If you receive the following error when linking:
/usr/bin/ld: libJolt.a: error adding symbols: file format not recognized
Then you have not enabled interprocedural optimizations (link time optimizations) for your own application. See the INTERPROCEDURAL_OPTIMIZATION option in CMakeLists.txt.

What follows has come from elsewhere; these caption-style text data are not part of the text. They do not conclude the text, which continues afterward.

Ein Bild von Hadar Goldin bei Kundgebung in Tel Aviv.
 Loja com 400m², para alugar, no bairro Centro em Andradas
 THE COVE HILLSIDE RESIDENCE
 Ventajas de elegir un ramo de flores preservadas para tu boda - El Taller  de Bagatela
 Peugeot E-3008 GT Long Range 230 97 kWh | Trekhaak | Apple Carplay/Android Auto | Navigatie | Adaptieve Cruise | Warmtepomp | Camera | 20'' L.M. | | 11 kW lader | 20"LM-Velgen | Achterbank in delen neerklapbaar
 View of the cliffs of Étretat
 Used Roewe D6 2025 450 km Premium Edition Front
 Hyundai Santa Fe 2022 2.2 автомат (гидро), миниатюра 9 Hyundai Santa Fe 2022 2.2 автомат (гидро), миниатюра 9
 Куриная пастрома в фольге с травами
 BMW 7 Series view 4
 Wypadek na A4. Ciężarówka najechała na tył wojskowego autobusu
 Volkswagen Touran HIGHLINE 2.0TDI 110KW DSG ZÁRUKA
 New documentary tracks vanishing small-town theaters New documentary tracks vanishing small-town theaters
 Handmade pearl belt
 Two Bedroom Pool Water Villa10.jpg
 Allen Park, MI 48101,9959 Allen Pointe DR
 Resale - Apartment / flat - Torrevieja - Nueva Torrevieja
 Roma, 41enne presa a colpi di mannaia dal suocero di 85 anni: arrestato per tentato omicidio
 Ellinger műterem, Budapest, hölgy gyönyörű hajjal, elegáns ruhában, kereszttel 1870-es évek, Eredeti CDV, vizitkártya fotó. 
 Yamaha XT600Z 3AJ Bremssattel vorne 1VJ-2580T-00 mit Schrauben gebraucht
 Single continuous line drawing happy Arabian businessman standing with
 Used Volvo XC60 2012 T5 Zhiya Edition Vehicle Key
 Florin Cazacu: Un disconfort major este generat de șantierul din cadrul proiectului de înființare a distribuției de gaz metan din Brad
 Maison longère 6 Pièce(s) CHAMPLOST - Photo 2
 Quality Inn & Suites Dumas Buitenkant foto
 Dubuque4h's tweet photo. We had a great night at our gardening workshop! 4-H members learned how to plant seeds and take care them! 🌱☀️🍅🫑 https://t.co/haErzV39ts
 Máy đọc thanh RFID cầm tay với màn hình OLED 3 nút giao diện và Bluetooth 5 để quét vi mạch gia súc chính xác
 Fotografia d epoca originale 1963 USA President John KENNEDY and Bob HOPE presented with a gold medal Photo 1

If your CPU doesn't support all of the instructions you'll get an Illegal instruction
exception.
On Linux to see what instructions your CPU supports run lscpu
and then look at the flags section, on Windows you can use a program like coreinfo
. Once you know what instructions your cpu supports you can configure the project through cmake and for example disable all special instructions:
./cmake_linux_clang_gcc.sh Release clang++ -DUSE_SSE4_1=OFF -DUSE_SSE4_2=OFF -DUSE_AVX=OFF -DUSE_AVX2=OFF -DUSE_AVX512=OFF -DUSE_LZCNT=OFF -DUSE_TZCNT=OFF -DUSE_F16C=OFF -DUSE_FMADD=OFF
Note that this example is for Linux but the cmake settings work on Windows too.
Documentation can be generated through doxygen:
- Install Doxygen (https://www.doxygen.nl/download.html)
- Run: run_doxygen.bat